**EXERCISE DESCRIPTION**
Starting at the line that contains "franchise CHAMAS TACOS", transcribe each line exactly through the end of the data below, and skip any pictures.

:: DATA

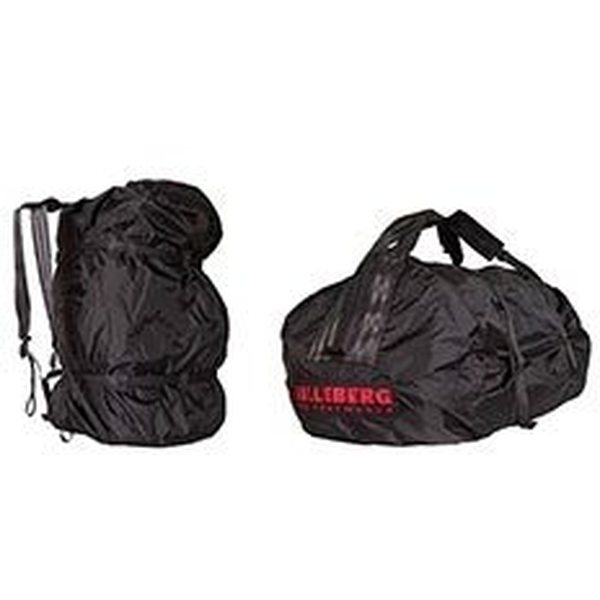 Hilleberg Atlas Carrier Bag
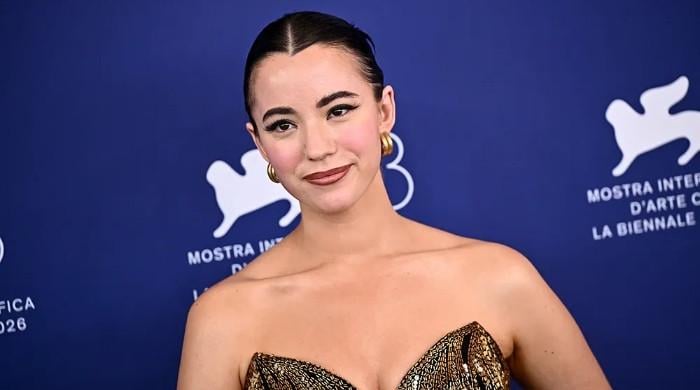 Elon Musk wanted ‘legion of children before the civil war’, ex-girlfriend claims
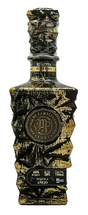 Mi Familia Supremo Anejo Tequila at CaskCartel.com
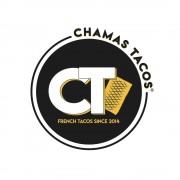 franchise CHAMAS TACOS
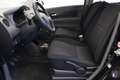 Daihatsu Cuore 1.0 Premium Schwarz - thumbnail 9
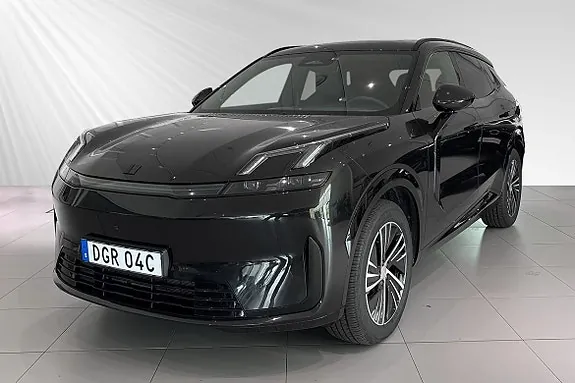 Lynk & Co 08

::::

**RESULT OF THIS EXERCISE**
 franchise CHAMAS TACOS
 Daihatsu Cuore 1.0 Premium Schwarz - thumbnail 9
 Lynk & Co 08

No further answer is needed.